Ground Pine and Hope

ground pineOnce a year my Mom would send my Dad and my brothers and I out in the woods in search of ground pine. It was almost always in November and through the years, Dad became so used to the different areas where it grew that it was less searching for ground pine as it was picking it up from the woods. This interesting little plant – or weed, some would say – was a needed ingredient in our annual Advent Wreath creation in the Sears home.

I remember several wreaths. There was one that was made out of an old piece of a stump. There was one created in Cub Scouts with acorns arranged as candle holders. There was one that was made of metal one year, but that one didn’t last. I don’t think any of us liked it.

It was the tradition in the home of my youth together on the Sunday evenings of Advent to light our candle for that week, read Scripture and pray together as a family. Most of the time, I must admit, I was just praying that we would be done in time for us to watch “The Wonderful World of Disney.” And yet, despite the lack of attention that I gave to the whole ritual, something about it stuck with me.

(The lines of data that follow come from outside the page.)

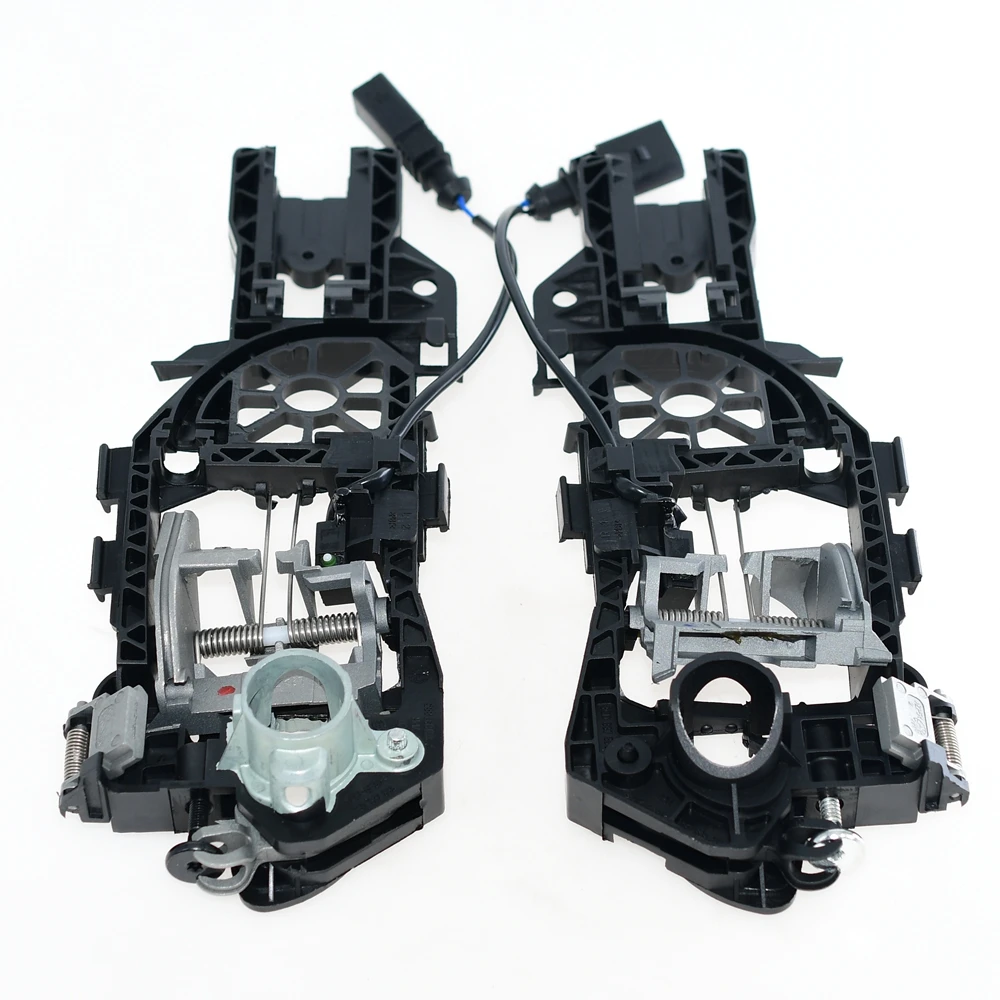 

Внешняя дверная ручка для VW Magotan B7LB6/CC 35D837885/886 3C0837885A/886A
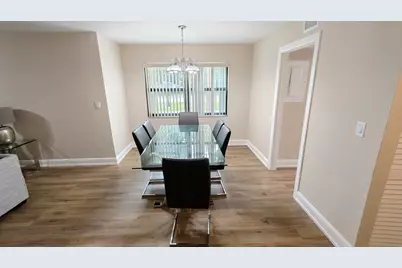 225 SE 10th Street #D3, Deerfield Beach, FL 33441 - Photo 9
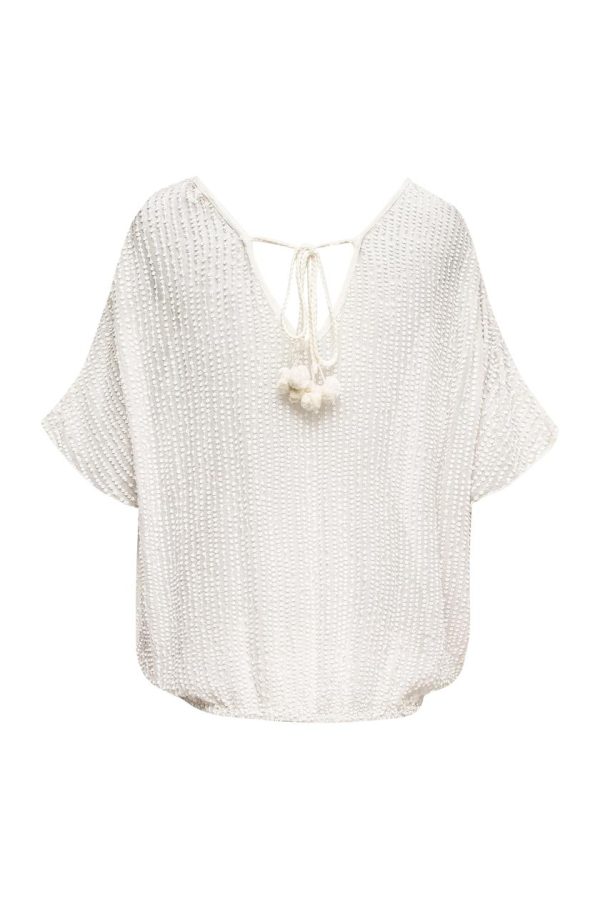 Upwardurus.shopf2dacb50da 2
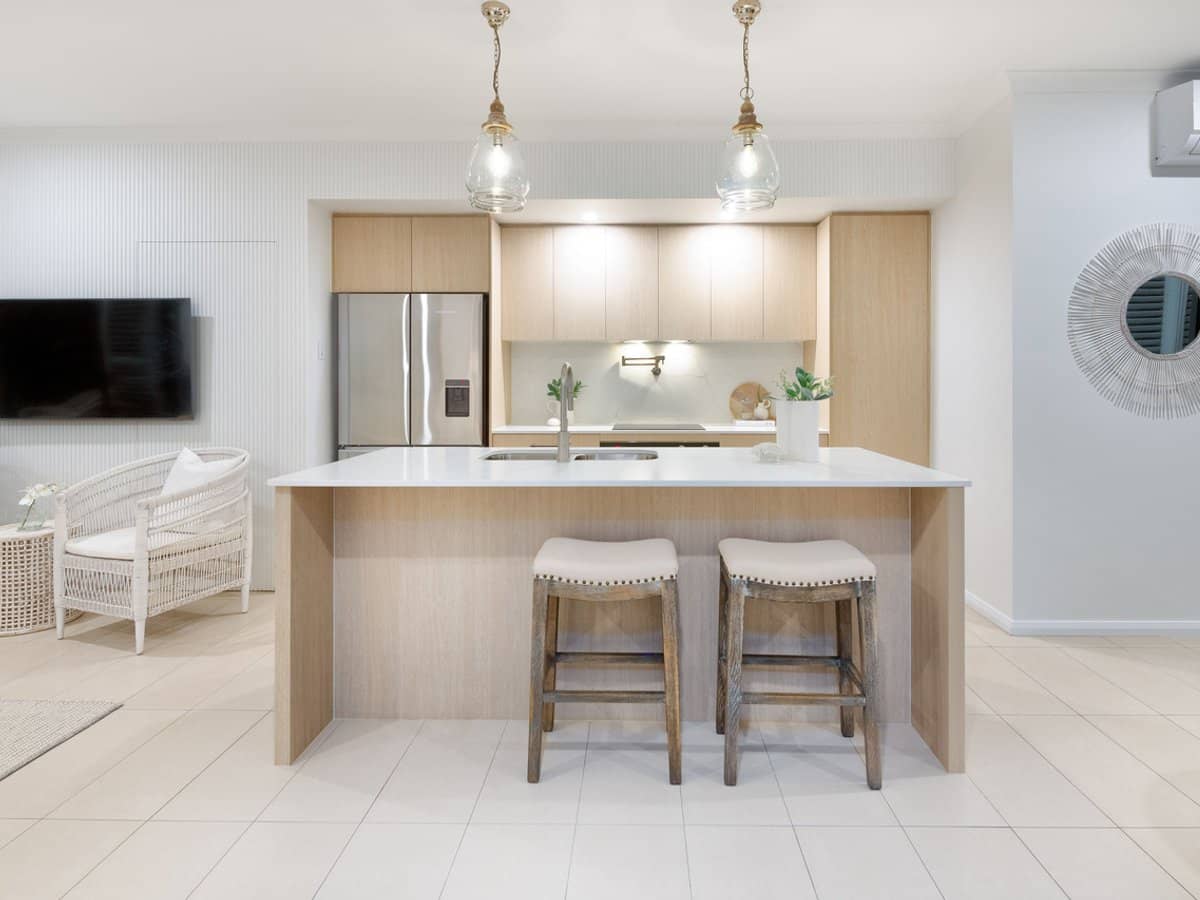 19 Park Lane, Hope Island - Thumbnail 5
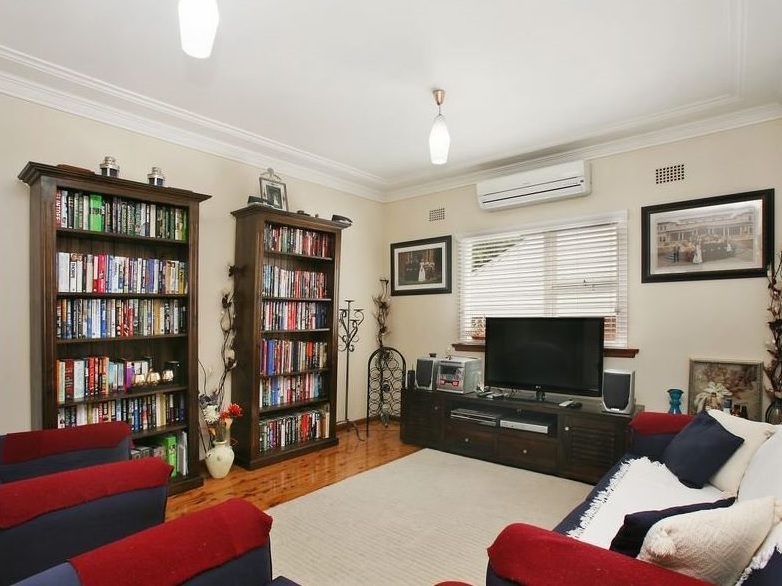Property Gallery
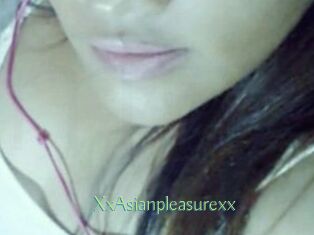 XxAsianpleasurexx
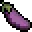 eggplantpixel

Maybe it was the fresh smell of the ground pine. (I don’t think I mentioned that we would pick enough of this stuff so that mom could keep some “wet” and change it out each week.) Perhaps it was the flicker of the flame on the candles. It might even have been the way that my two brothers and I would fight with one another over the right to light the candles or better yet to blow them out and let the hot wax “accidentally” drip into our hands as we did so.

Something stuck about Advent because this is the time of the year when I become my most hopeful.

I look at the headlines of a burning city in Missouri. I realize that I will never see the world, never understand power, never truly grasp what justice means to someone of a different race than my own. I watch our nation grapple with figuring out how to handle such things and I hear so many voices crying out “doom”. But not me. I remember the evergreen of Advent and know that somewhere in the presence of Jesus there is hope.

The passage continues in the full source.